Dataset records:

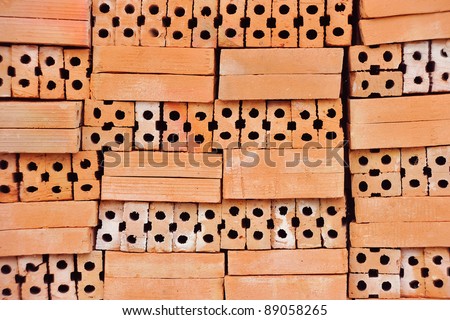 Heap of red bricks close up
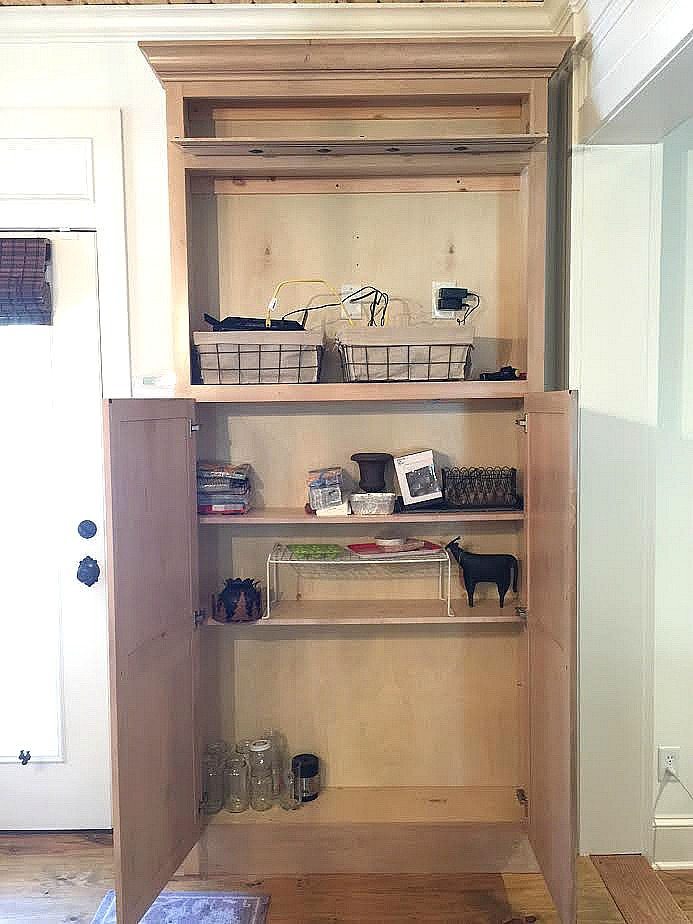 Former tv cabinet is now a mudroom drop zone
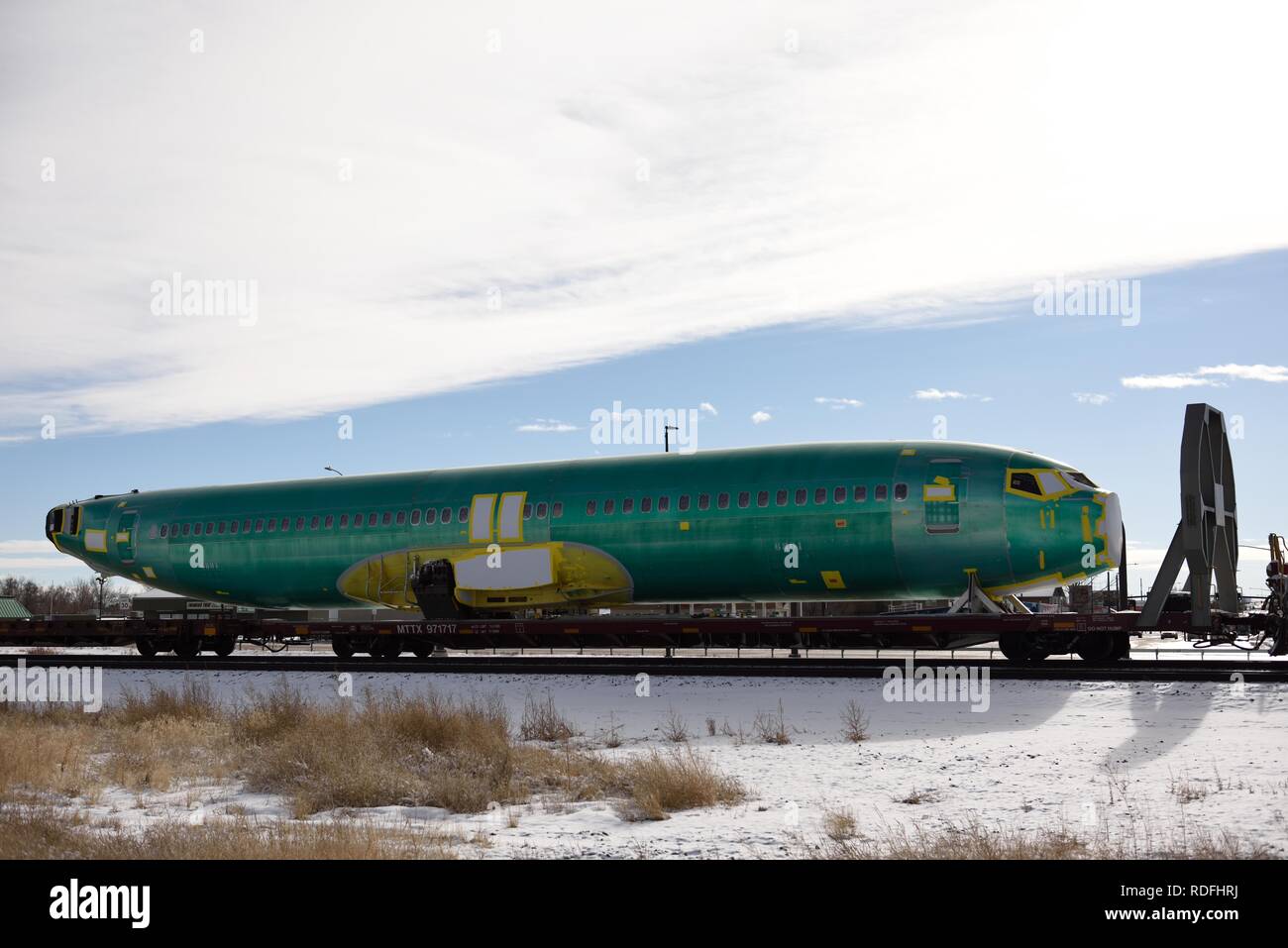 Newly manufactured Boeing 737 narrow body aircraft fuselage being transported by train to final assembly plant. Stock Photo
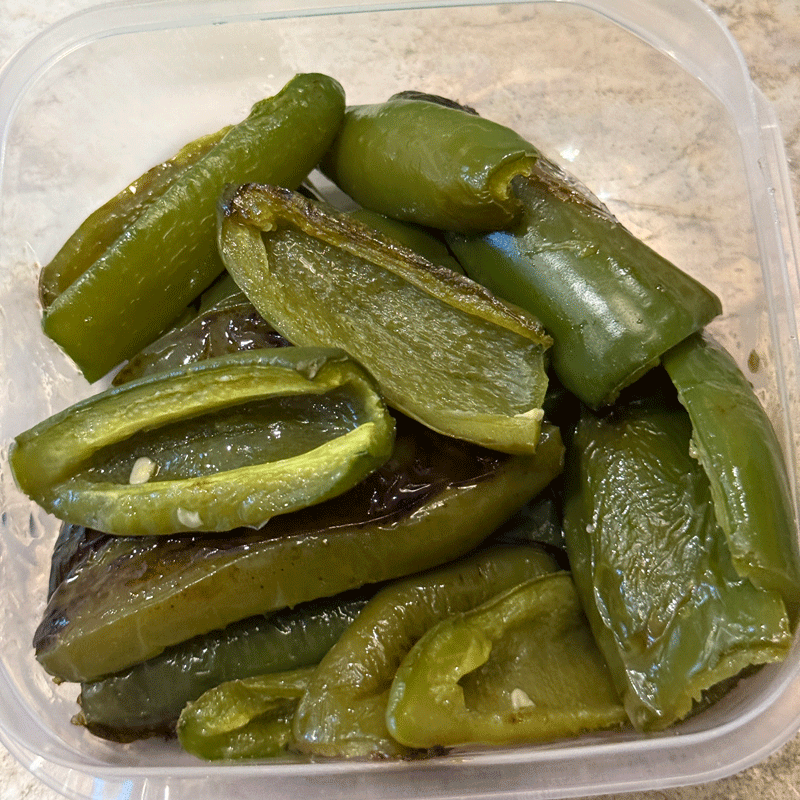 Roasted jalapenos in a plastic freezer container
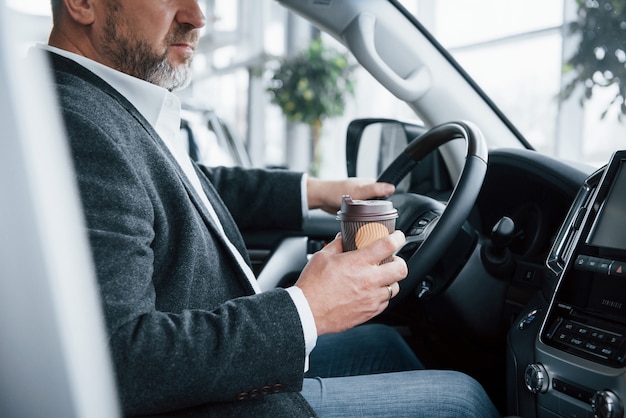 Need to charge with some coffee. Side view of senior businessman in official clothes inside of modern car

---

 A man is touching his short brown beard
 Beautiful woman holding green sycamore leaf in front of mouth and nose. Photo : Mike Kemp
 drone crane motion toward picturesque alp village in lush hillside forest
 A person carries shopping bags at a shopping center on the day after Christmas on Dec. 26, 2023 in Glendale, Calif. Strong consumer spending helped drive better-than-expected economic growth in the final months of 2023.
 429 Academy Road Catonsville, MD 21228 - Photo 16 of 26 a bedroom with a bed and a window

**DIRECTIONS**
Using the entries above, give again exactly the lines from the line holding "A man is touching his short brown beard" through the line holding "429 Academy Road". Include both end lines and nothing else.

**TASK SOLUTION**
 A man is touching his short brown beard
 Beautiful woman holding green sycamore leaf in front of mouth and nose. Photo : Mike Kemp
 drone crane motion toward picturesque alp village in lush hillside forest
 A person carries shopping bags at a shopping center on the day after Christmas on Dec. 26, 2023 in Glendale, Calif. Strong consumer spending helped drive better-than-expected economic growth in the final months of 2023.
 429 Academy Road Catonsville, MD 21228 - Photo 16 of 26 a bedroom with a bed and a window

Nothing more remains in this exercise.